What is A/B significance?
Significance tests estimate the likelihood observed differences are due to chance. A two‑proportion z‑test compares conversion rates between variants.
How to use this calculator
Provide visitors and conversions for A and B, and choose an alpha (commonly 5%). The tool returns conversion rates, lifts, p‑value, and significance.
Why it matters
Significance guards against false positives from random noise, helping you ship changes that truly improve outcomes.
Assumptions & limitations
Assumes independent samples and sufficient size. For rare events or small samples, consider exact tests or Bayesian approaches.
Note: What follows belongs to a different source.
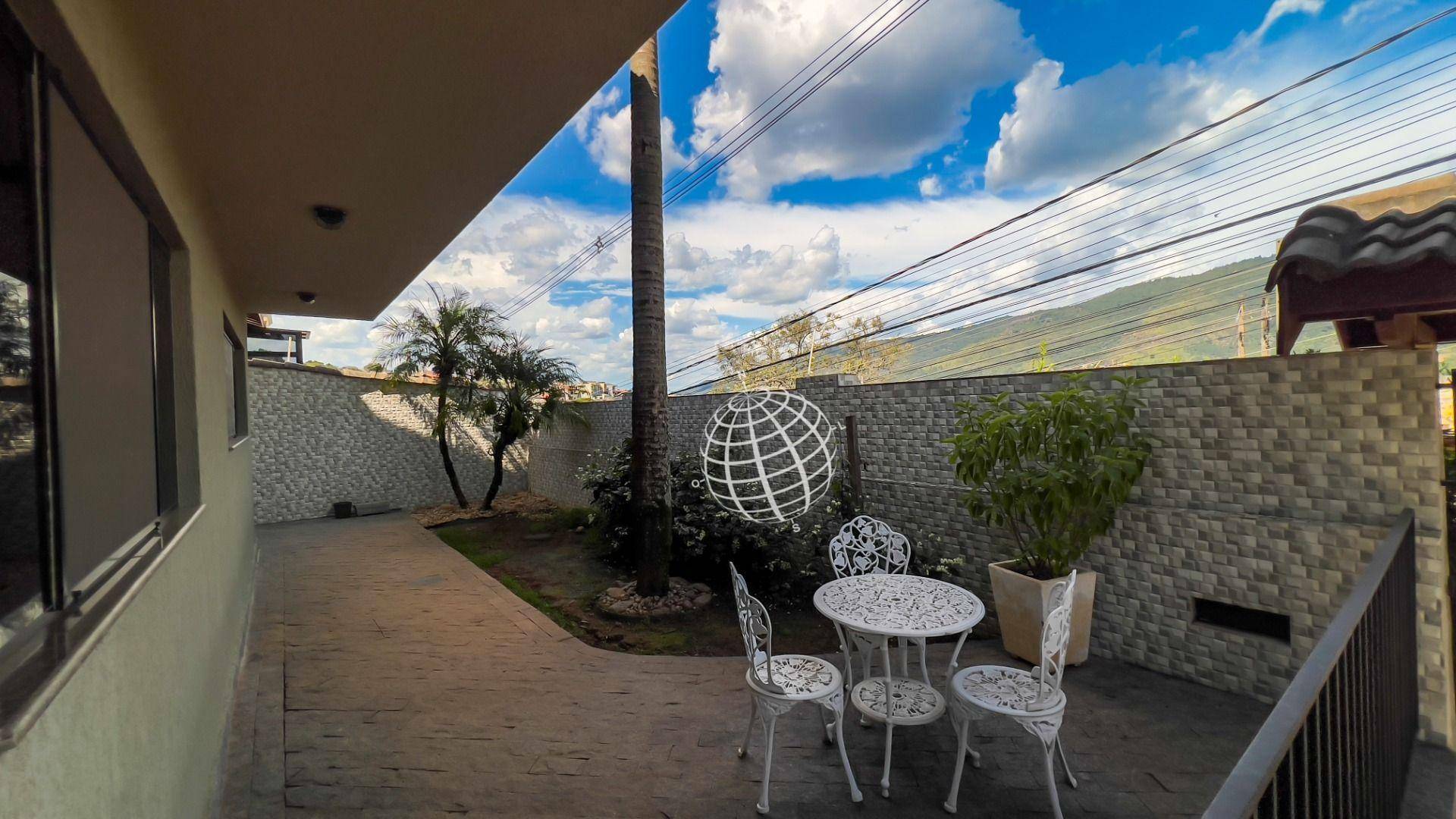 Casa à venda com 3 quartos, 246m² - Foto 24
Formula and interpretation
Let CRA = conversionsA ÷ visitorsA, CRB = conversionsB ÷ visitorsB. The pooled rate is p = (conversionsA + conversionsB) ÷ (visitorsA + visitorsB). The standard error is SE = √( p(1 − p) (1/visitorsA + 1/visitorsB) ). The test statistic is z = (CRB − CRA) ÷ SE. The two‑tailed p‑value evaluates the probability of observing a difference as extreme under the null (no true difference).
Sample size, power, and MDE
Statistical power is the probability of detecting a true effect. Larger samples increase power and reduce the minimum detectable effect (MDE). Define a practical lift you care about, pick α (e.g., 5%) and desired power (e.g., 80%), then estimate the required sample size. Avoid underpowered tests that frequently yield inconclusive results.
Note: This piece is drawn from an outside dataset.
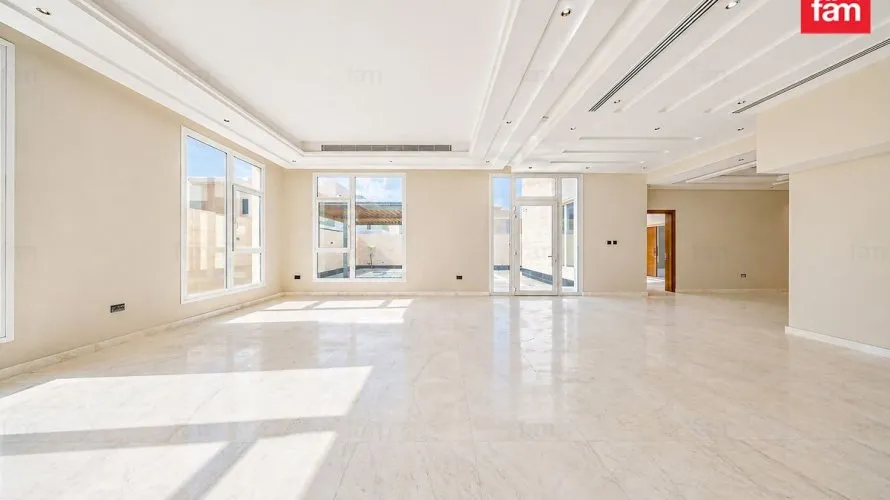 5 bedrooms villa for sale, Dubai, UAE No. 2417 № 5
One‑tailed vs two‑tailed tests
Two‑tailed tests detect differences in either direction and are appropriate when you simply check for change. One‑tailed tests can be used when you only care about improvements, but they must be pre‑registered and not changed mid‑test to avoid bias.
Peeking and multiple comparisons
Repeatedly checking significance early (“peeking”) inflates false positives. Use fixed horizons or sequential methods. When testing many variants or metrics, apply corrections (e.g., Bonferroni, Benjamini‑Hochberg) or control the false discovery rate.
Step‑by‑step example
With A = 500 conversions / 20,000 visitors (2.50%) and B = 600 / 20,000 (3.00%), absolute lift is +0.50 percentage points, relative lift is +20%. The z‑test computes a p‑value; if p < 0.05, we call the result statistically significant.
Best practices
- Define success metrics and stopping rules before launching tests.
- Segment by traffic source and device to check consistency.
- Run long enough to cover typical weekly seasonality.
- Focus on practical significance (impact, cost) alongside p‑values.
- Validate winners with follow‑up experiments or rollout monitoring.